You signed in with another tab or window. Reload to refresh your session.You signed out in another tab or window. Reload to refresh your session.You switched accounts on another tab or window. Reload to refresh your session.Dismiss alert
I'm working on an application which requires a 'chunked' vmap operation, like described in #11319 to be distributed across multiple devices. I have a working example where I pad the arrays in the input PyTree, reshape the leading axis to have a size of n_devices and apply a pmap with a nested chunked vmap operation.
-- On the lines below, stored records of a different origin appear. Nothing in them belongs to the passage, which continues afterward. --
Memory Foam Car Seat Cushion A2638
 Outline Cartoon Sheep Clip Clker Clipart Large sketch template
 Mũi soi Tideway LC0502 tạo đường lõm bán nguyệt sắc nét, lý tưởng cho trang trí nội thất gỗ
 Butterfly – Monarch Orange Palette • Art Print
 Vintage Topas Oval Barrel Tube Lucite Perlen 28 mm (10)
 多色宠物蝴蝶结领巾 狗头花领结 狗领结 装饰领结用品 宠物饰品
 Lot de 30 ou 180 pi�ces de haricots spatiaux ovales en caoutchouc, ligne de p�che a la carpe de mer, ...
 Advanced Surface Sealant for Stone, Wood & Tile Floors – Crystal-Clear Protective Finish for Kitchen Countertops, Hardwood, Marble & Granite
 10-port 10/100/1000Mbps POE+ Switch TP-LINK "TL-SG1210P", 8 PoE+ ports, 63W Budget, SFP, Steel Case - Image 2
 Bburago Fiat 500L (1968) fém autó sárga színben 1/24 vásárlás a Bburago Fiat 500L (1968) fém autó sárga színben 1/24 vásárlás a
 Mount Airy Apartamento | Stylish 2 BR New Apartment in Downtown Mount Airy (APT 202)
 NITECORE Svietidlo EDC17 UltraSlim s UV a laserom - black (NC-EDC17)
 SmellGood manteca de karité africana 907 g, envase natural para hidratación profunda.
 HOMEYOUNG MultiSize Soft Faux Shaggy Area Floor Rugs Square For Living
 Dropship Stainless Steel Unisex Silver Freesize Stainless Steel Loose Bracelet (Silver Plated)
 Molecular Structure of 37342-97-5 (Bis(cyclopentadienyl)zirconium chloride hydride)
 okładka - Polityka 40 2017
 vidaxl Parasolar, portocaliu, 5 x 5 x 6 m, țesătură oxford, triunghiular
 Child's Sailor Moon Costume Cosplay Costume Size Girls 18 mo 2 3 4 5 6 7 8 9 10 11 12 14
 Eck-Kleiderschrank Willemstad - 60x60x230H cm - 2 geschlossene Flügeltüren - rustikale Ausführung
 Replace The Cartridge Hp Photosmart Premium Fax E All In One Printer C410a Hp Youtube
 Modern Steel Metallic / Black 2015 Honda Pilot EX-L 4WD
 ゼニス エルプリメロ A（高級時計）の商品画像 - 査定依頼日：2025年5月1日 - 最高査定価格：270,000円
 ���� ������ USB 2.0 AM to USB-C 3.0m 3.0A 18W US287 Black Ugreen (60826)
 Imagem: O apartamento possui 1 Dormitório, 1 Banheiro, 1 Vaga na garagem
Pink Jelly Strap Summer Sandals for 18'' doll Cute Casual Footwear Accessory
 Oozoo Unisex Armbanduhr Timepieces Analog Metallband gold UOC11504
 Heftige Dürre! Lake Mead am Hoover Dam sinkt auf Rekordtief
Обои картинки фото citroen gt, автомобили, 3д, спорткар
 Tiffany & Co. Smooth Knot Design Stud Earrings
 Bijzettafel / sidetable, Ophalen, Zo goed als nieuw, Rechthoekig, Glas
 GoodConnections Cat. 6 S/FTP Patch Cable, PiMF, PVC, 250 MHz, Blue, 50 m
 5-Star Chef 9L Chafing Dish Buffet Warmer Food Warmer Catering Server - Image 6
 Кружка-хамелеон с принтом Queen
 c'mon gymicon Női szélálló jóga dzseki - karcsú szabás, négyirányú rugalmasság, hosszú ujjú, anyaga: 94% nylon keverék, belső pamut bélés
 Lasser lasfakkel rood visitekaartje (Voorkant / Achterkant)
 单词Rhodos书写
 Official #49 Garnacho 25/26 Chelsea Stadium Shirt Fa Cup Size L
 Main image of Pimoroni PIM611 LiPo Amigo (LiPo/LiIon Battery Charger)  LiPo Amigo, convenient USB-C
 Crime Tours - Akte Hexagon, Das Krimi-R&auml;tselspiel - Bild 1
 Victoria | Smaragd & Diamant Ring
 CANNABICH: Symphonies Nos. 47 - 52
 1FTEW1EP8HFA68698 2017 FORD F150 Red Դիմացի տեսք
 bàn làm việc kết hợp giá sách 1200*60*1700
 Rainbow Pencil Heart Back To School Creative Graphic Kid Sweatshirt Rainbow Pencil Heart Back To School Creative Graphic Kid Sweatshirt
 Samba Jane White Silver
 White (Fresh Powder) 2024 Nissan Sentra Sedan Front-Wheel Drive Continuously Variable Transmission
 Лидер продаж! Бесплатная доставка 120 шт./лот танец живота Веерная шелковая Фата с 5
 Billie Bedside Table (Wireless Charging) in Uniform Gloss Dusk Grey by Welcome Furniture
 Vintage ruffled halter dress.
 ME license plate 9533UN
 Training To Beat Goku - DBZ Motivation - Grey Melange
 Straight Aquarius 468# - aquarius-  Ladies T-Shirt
However, I have noticed, that the post-processing reshape step (x = x.reshape(-1, *x.shape[2:])) takes a long time to compute compared to the overall function, making the speedup from using pmap far from ideal. I was wondering if there are any ways to refactor my code to avoid this operation or make it less expensive. I am fairly new to pmap so I imagine I could be doing something wrong here.
Below is the relevant section of my code. Note that np stands for jax.numpy here and onp refers to vanilla NumPy here.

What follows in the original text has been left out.